- author, Aoife Moore and Eimear Flanagan
- role, BBC News NI
- Rally held in support of migrant workers in Ireland following last week’s riots in the capital
- The violence erupted last Thursday, just hours after three children and a staff member were stabbed outside a school in the city centre.
- Ireland’s police chief blamed the riots on “crazy hooligans driven by far-right ideology”
- One union leader said the violence had left some migrant workers “very scared.”
More than 500 people took part in a solidarity rally in Dublin, days after riots broke out in the city center following knife attacks on children.
The rally was organized by the Irish Congress of Trade Unions (ICTU), which represents more than 800,000 workers across Ireland.

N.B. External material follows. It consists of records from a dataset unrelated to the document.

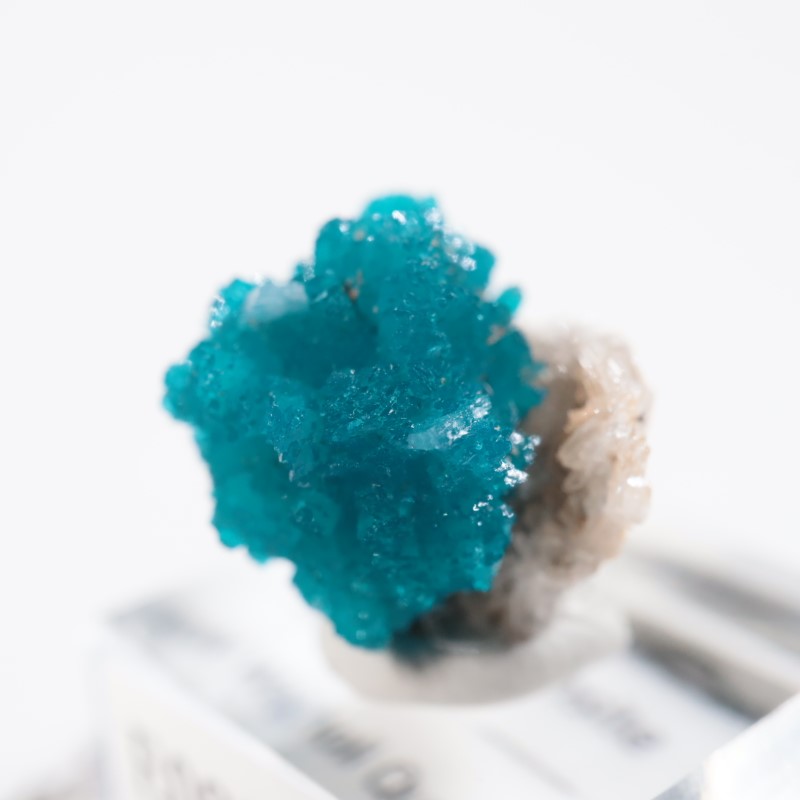 ����ɻ� ���Х󥵥���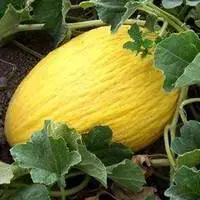 Must-Have Melon Jaune Bio. La barquette de 6 plants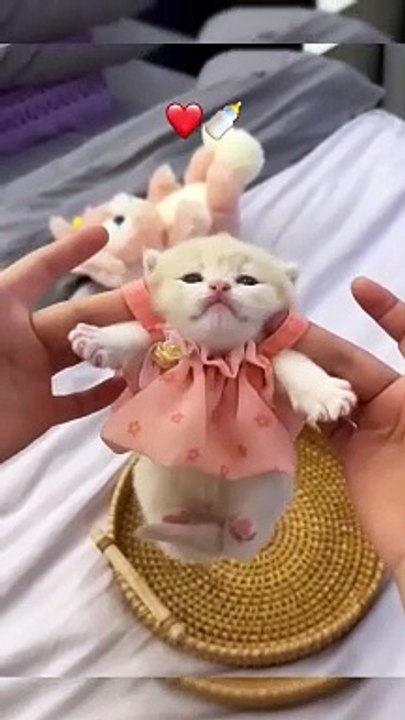 Baby funny video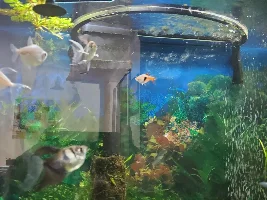 55 Gallon Journal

ICTU General Secretary Owen Reidy said the aim of the event was to show people of immigrant backgrounds that they were welcome in Ireland.

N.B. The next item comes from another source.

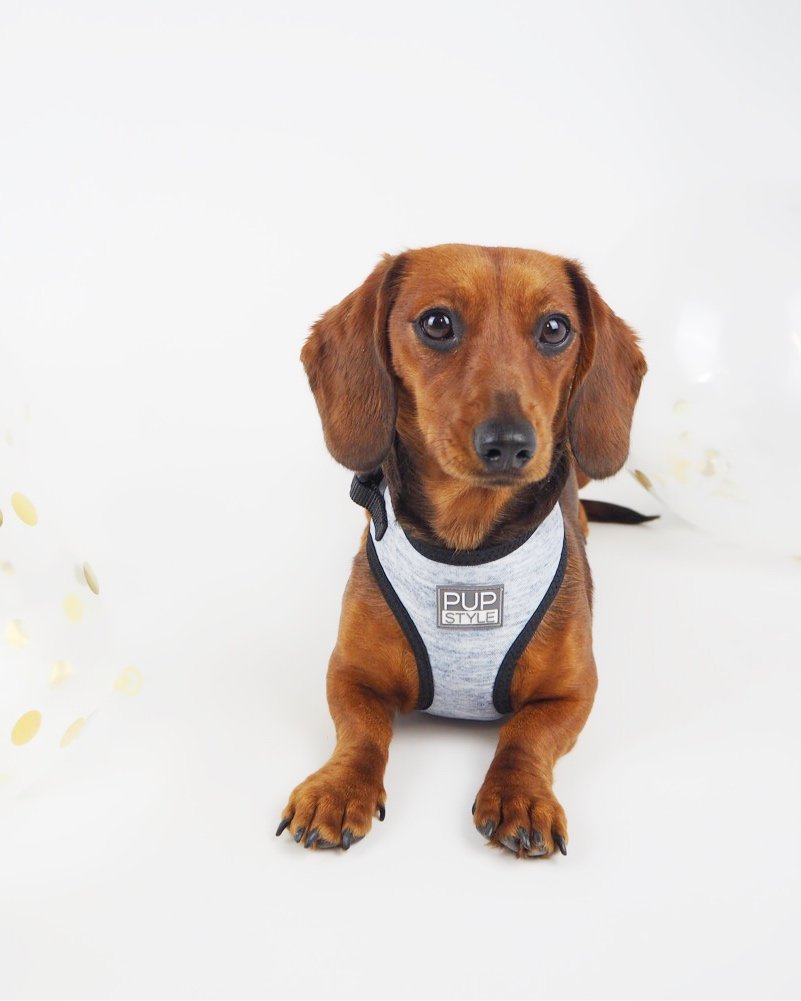 PUPSTYLE | Greys for Days Harness Harness PUPSTYLE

He said many migrant workers employed in Dublin’s hospitality industry were “too scared to come to work” the day after the riots.
“I would like to say that Ireland is not full,” Mr Reidy told BBC News NI.
“We want to support an ‘Ireland for everyone’. We want a diverse Ireland.
“Whether you live or work in Dublin, whether you were born here or in the four corners of the earth, this is your home.
“This is an attack on a community, and they are part of our community.”
The violence began on Thursday evening, just hours after three children and a school child care assistant were stabbed outside a primary school in Parnell Square.
Children were queuing after class at Gaelscoil Cholaiste Muire when they were attacked by a man with a knife.
Two girls, ages 5 and 6, and a 6-year-old boy were stabbed.
A woman in her 30s, a care assistant, tried to protect the children, but she was also stabbed and seriously injured.
She remains in the hospital along with a five-year-old girl who was seriously injured.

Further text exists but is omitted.